For a small business, management of these receivables and payables is one of the important factors to maintain the income and liquidity position of the company. It is also a key element which influences in maintaining reputation of a company in the market.
It is a known fact that the accounting records are prepared from the business point of view and not the person who owns it. The purchase for one organisation is the sale for another. A single transaction is recorded differently in the accounting records of two different companies.
The term accounts receivable is used for the amount that is receivable by the business from others. Accounts receivable are amounts a company has a right to collect because it sold goods or services on credit to a customer. Accounts Receivable also refers to an account containing all amounts owing to the business. It is all the amounts the business expects to receive. In other words, our debtors. Accounts receivable is an asset to the business.
On the other hand accounts payable is used for the amount payable by the firm to the outsiders. Accounts Payable are amounts a company owes because it purchased goods or services on credit from a supplier or vendor.
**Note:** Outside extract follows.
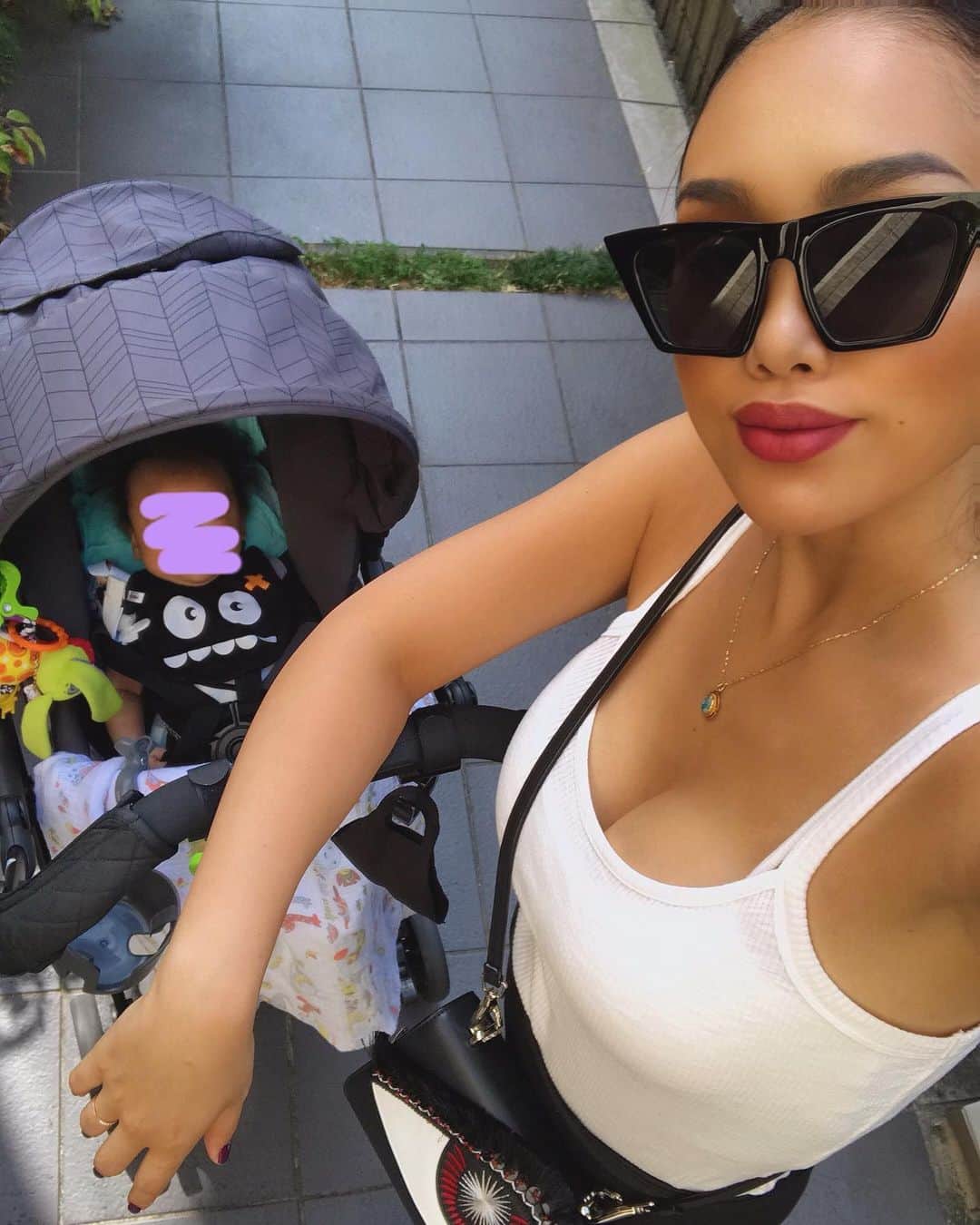 のインスタグラム：「mom's life💋」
In other words, Accounts Payable is an account containing all amounts that we owe to others. It is all the amounts we expect to pay in the future. In other words, our creditors. Accounts payable are liability to the business.
The amounts of accounts receivable and payable are usually compared as part of a liquidity analysis, to see if there are enough funds coming in from receivables to pay for the outstanding payables. This comparison is mainly carried out with the help of Current Ratio and Quick Ratio.It is important to collection the assets in a timely manner and maintain a balanced settlement of liabilities in order to ensure a healthy and positive net working capital for the company.